The Stars, naturally, felt like the goal shouldn’t have happened. When Parayko dropped Bishop to the ice, the Blues’ Alexander Steen retrieved the rebound and shot it back on net, redirected by Schwartz for the goal. It took four seconds, no whistle.
“He’s down, it should be a whistle,” Dallas defenseman John Klingberg said afterward. “That’s what the rule is, but we can’t change anything right now.”
But that’s not the rule. Rule 8:1 explains that “when a player is injured so that he cannot continue play or go to his bench, the play shall not be stopped until the injured player’s team has secured possession of the puck.”
Dallas never got the puck.
Kay Whitmore is the NHL series supervisor for Blues-Stars. Whitmore was asked by a pool reporter if discretion for a whistle is allowed for a goalie, if the goalie is down and in danger and can’t protect himself?
“Not in this situation,” Whitmore said. “The scoring chance is imminent and it happened bang-bang and the puck’s in the net. It wasn’t a long duration of time. But the rule is pretty clear that in that situation, they’re not going to kill (the play). As soon as his team would have got possession, they would have killed it immediately. That happens all the time. But in this situation, they didn’t deem it serious enough to kill it immediately.”

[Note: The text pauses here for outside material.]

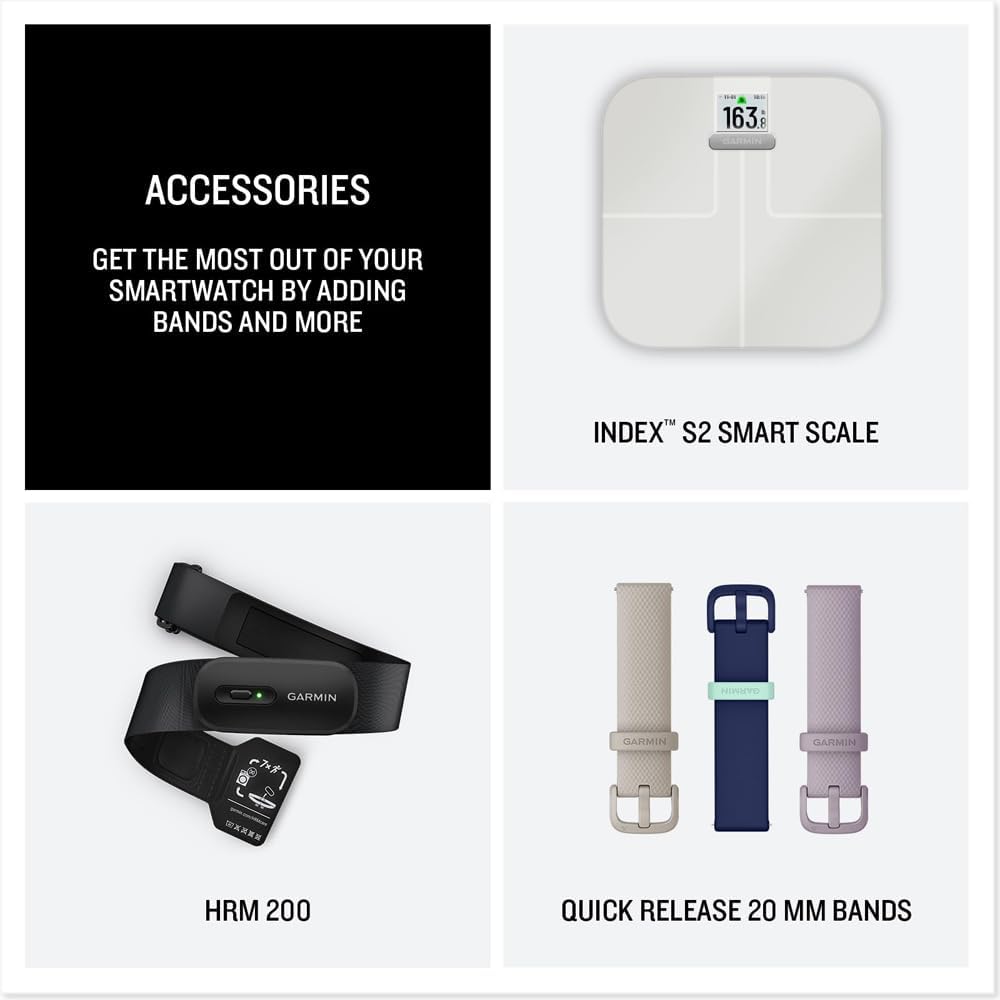Garmin 010-02985-02 VIVOACTIVE 6 Health & Fitness GPS Smartwatch, Jasper Green with Silicone Band Bundle with Charging Dock, USB Type C Charger, Silicone Dust Covers & 2-Pack Screen Protector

Parayko, the towering defenseman, has played extremely well for much of this postseason. But from press row to the Blues’ bench, some folks wonder why he doesn’t shoot more.
“We tell him a lot, actually,” teammate Oskar Sundqvist said. “Keep shooting the puck. That’s when good things happen and that’s what happen today.”
Naturally, there’s a high reward with his slap shot, but also a high risk — if it’s blocked or if it misses the goal, it could quickly ricochet the wrong way, causing a goal opportunity on the other end.
But on Sunday afternoon, Parayko picked his spot and took his shot.
“A lethal bomb,” teammate Carl Gunnarsson said.
This unpredictable season began with a different coach. The Blues lost a lot, got a new coach, lost some more and lost confidence in their goalie. The Blues began to find their groove and gave a chance to a rookie goalie.
Last in points on January 2, the Blues made the postseason, won a playoff round thanks to Schwartz’s game-winning goal in Game 5 . . . and his hat trick in Game 6.
In the Blues’ second Game 6, it was Schwartz who again scored the big goal. But the game-changing moment was actually Bishop’s final save of the night.